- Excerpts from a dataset
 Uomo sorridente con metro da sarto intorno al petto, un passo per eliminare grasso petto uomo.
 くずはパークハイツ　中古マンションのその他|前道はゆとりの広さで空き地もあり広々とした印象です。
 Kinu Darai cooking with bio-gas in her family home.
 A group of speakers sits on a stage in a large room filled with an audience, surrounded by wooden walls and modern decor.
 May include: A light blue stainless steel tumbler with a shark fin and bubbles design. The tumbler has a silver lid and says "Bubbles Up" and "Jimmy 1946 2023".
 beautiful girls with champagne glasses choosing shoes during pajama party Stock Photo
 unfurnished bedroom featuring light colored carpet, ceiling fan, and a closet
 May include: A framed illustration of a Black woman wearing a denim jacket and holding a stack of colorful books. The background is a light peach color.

- WHAT THIS TASK INVOLVES
Reproduce exactly, please, only the lines from the start of the data above to the line that contains "Kinu Darai cooking", with both ends kept.

- PROBLEM SOLUTION
 Uomo sorridente con metro da sarto intorno al petto, un passo per eliminare grasso petto uomo.
 くずはパークハイツ　中古マンションのその他|前道はゆとりの広さで空き地もあり広々とした印象です。
 Kinu Darai cooking with bio-gas in her family home.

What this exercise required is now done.